Going to a Gary Hustwit film without having seen Helvetica or Objectified makes you a minority, but when I heard Gary was in town doing a special (free!) screening of his new film Urbanized at the Design our Tomorrow conference, I just couldn’t miss the chance to watch the film with the directors commentary. And the film did not disappoint. The film began with the voice of Ricky Burdett, the amazing director of the LSE Cities program, and continued with a discussion of Jane Jacobs, Robert Moses, the Garden City and others familiar characters to the urban conversation. Because Ricky Burdett was in Toronto a couple of weeks ago for the Big City Big Ideas series, and Jane Jacobs is constantly discussed in planning classes, the initial content of the film was familiar, but the film as a whole gave me a lot of information I want to dig into deeper. It’s rare for us to learn about cities outside of Toronto in planning school, but Urbanized’s tour of New York, Brasilia, Copenhagen, Bogota, (the globe really!) left me with a hunger to travel more and discover other places, and to learn more about fascinating practitioners like Edgar Pieterse and Jan Gehl. For those who couldn’t make the event, here are some selections from my notes.
On getting into films
I just wanted to see a film about fonts. I hadn’t made films before that. It’s a good cue, if something you want to see doesn’t exist, that’s a good cue to go out and do it yourself. I hadn’t made films before that. Then I made Objectified and now Urbanized. Our first question was how to see cities around the world in 85 minutes. And the answer is that we looked at issues that every city faced, and talked about projects that addressed those issues. The film has a loose structure, and less structure means that as a viewer, you have to think and figure things out. Don’t be afraid to do that, to let users (if you want to think about things from a design perspective) to think things over and figure things out.
Need to involved people who systematically live realities of a place to figure out the most strategic way to respond. Putting stickers on window (referencing a project discussed in the film) and inviting people to participate is such a simple idea, but it can be easier sometimes to reach out to the whole world than our own neighbourhood. The stickers on the windows ask people who aren’t normally asked and might not show up to a community meeting,want they want in their neighbourhood.
What projects that didn’t make it into the film?
Parking Day is one example. It started in San Francisco, and now happens in cities across the world, and it was a project where people put money in parking meters and then had that parking space for a period of time, and set up things in what was then their space. I love DIY citizenship. Instead of focusing on spectacle and trying to attract people, if cities just spent that time on liveability, they would get somewhere.

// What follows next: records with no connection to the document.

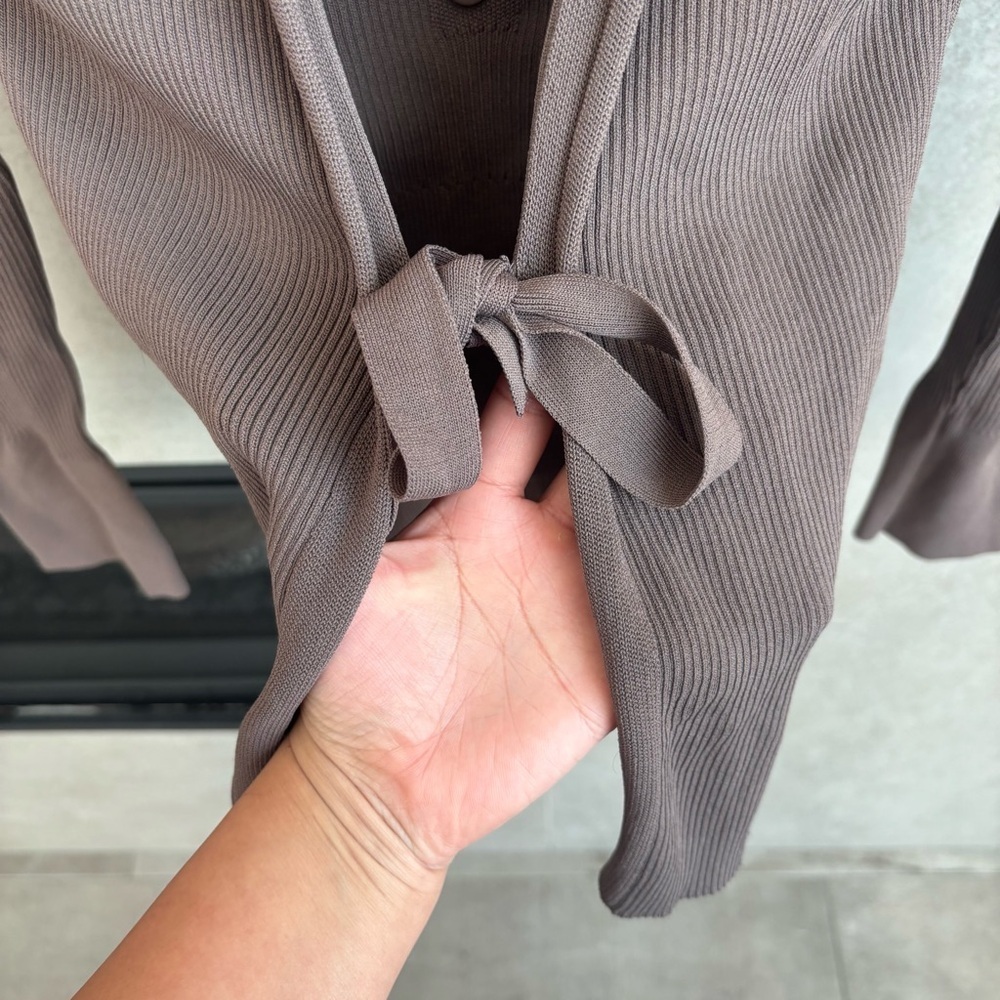 Urban Revivo 2x1 Ribbed Top Cardigan, Size 4 - Picture 7 of 13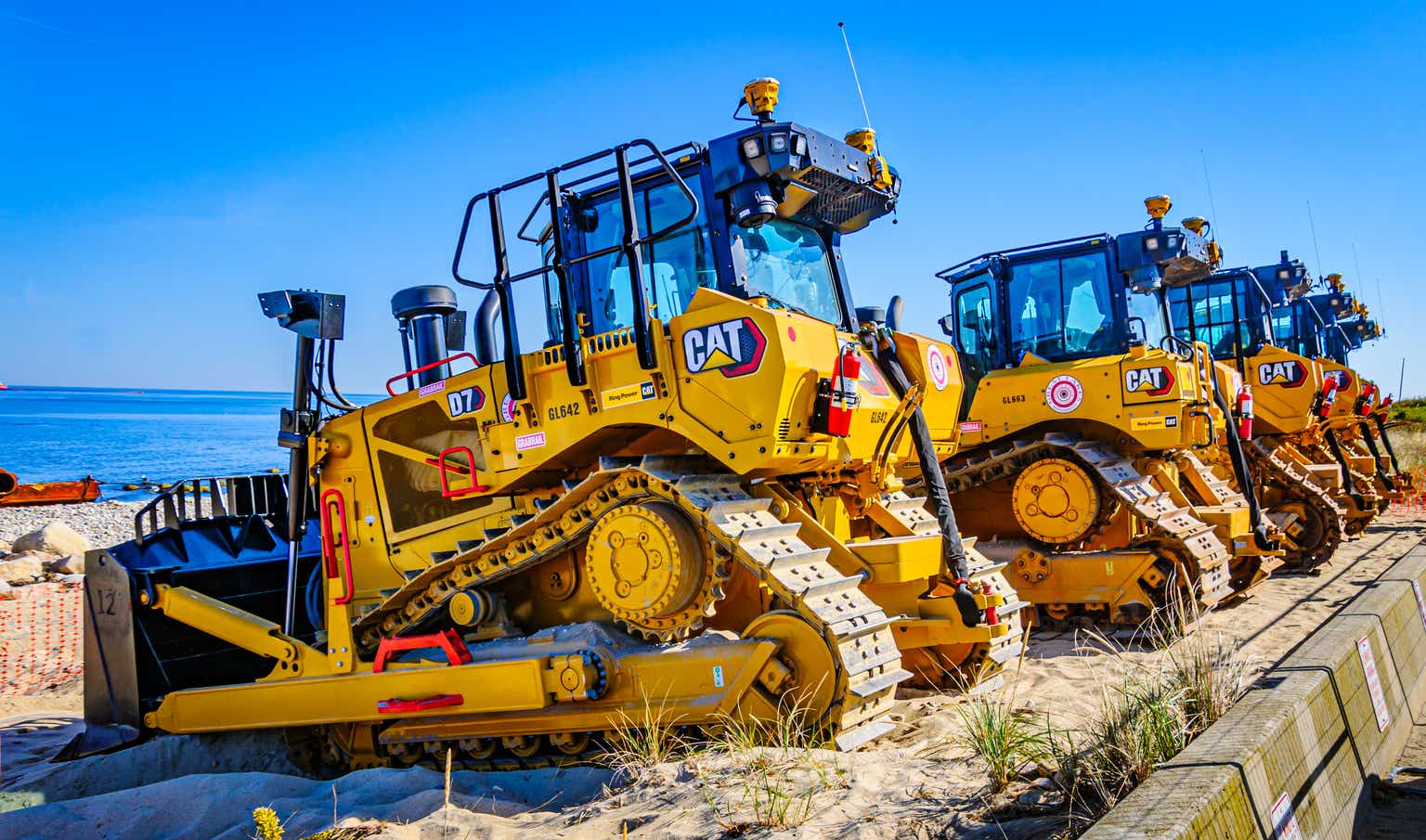 Caterpillar: Great Potential, But Stay Patient For A Better Buying Opportunity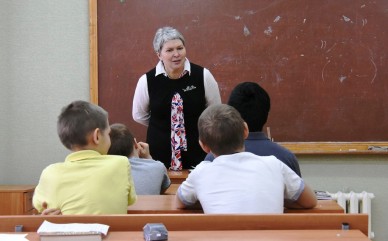 В Воронеже учительница английского 7 лет бесплатно преподаёт детям в изоляторе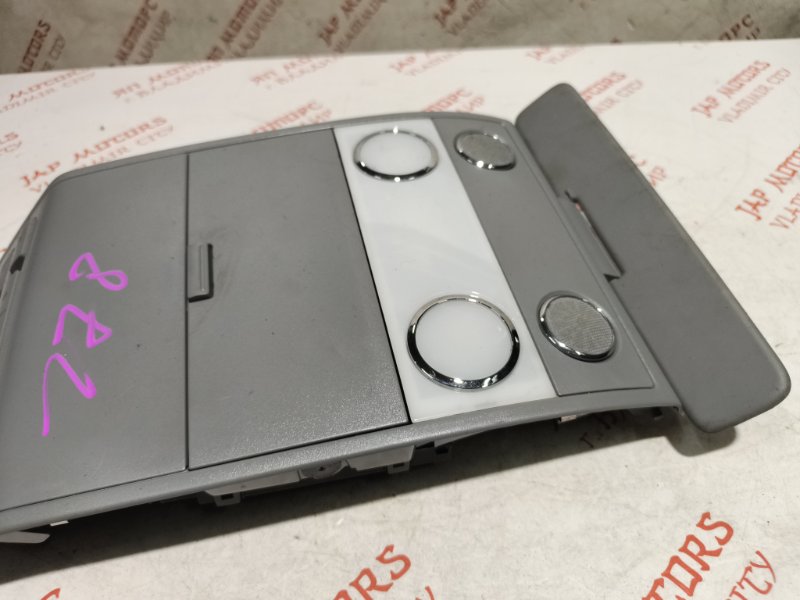 Плафон подсветки салона, 3000 рублей, Владимир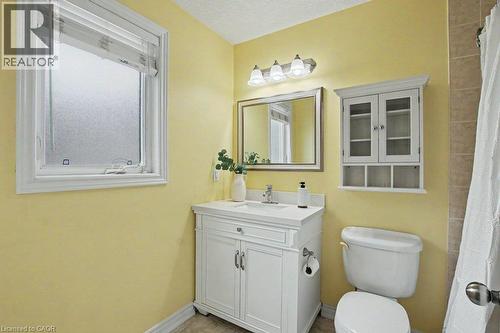 15 Sim Court, Cambridge, ON 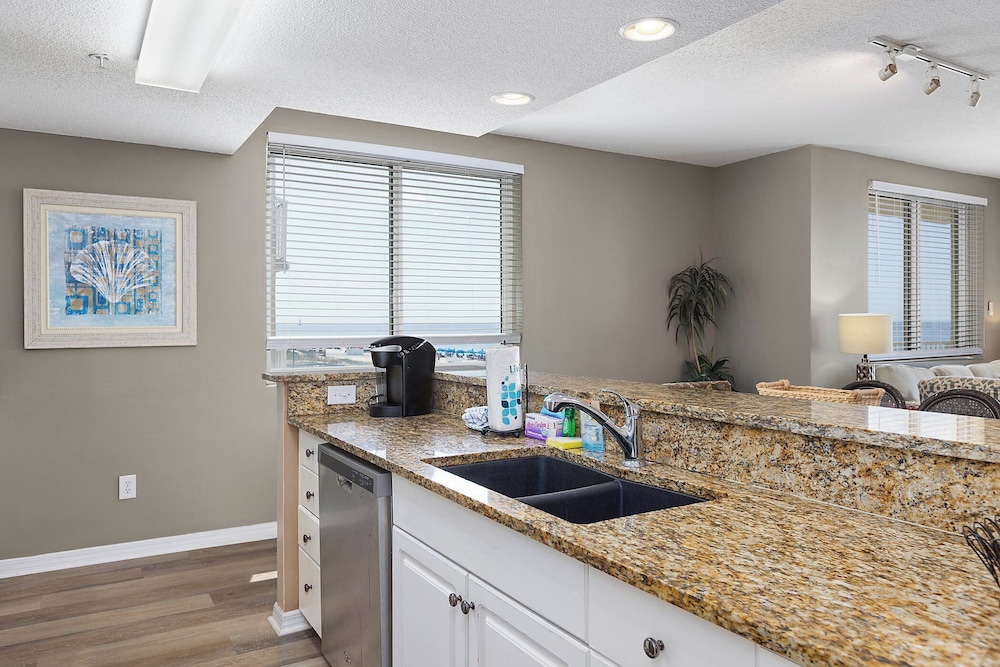Emerald Key by Southern Vacation Rentals
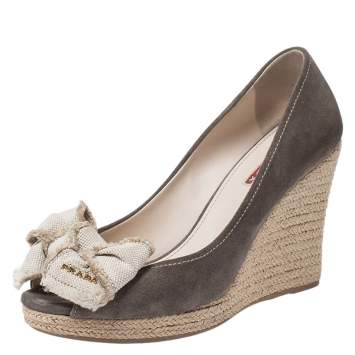 Pre Owned Prada Olive Green/Beige Suede and Canvas Bow Peep Toe Espadrille Wedge Pumps Size 38.5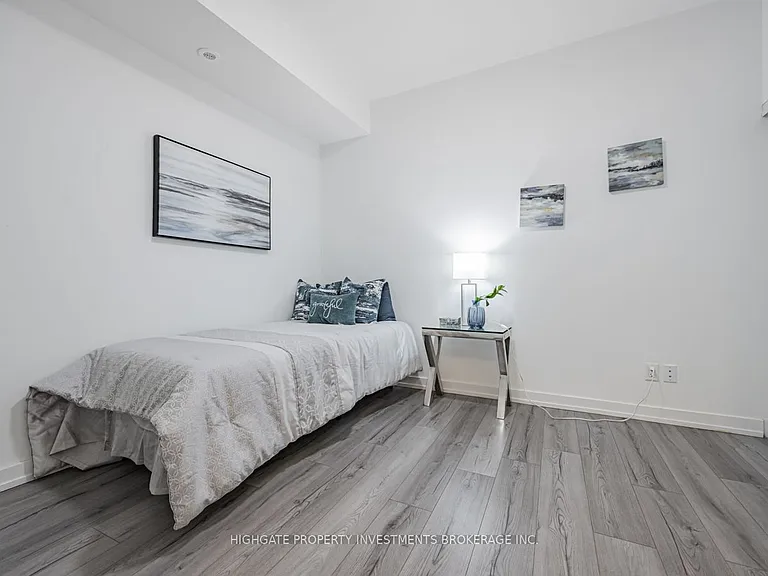 266 Finch Ave E #13 — Photo 20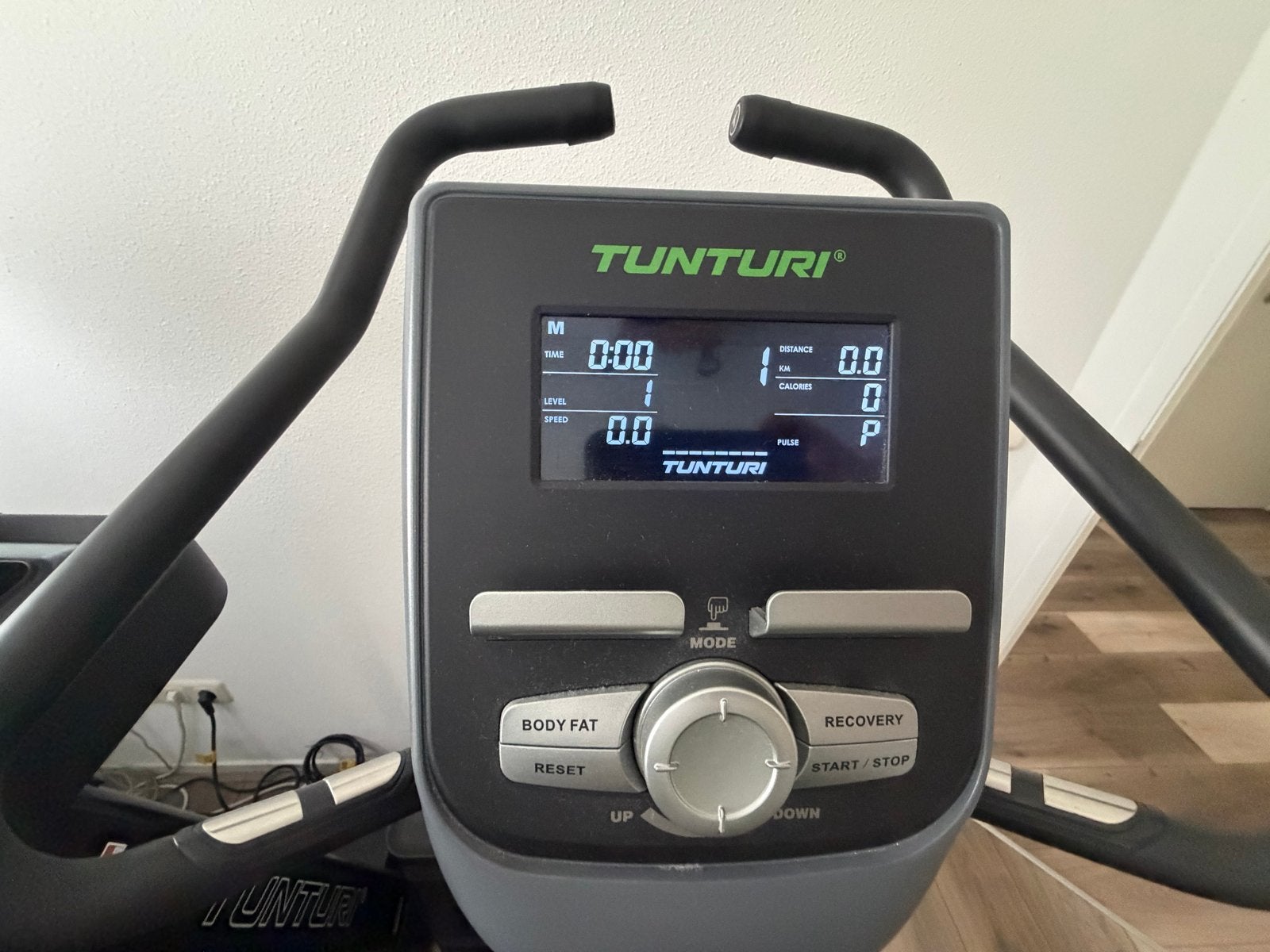 Foto 3 van Tunturi E50 Hometrainer - Zo goed als nieuw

What was your process making the film?
I spent six months talking to people, reading a ton of books, attending conferences, and doing things like that before I started filming anything. It’s a step by step process. You meet one person who says you simply must meet “so and so” and it moves from there.
Advice to Students
I was talking to someone who mentioned that out of a class of 200 people, only two got jobs. And for me, that’s a wonderful opportunity. That’s 298 people who have an opportunity to start their own projects and create their own thing. That sounds like a really great opportunity especially with the ability the web has of showing your work to other people. Don’t wait for a big company to hire you, get together and do projects.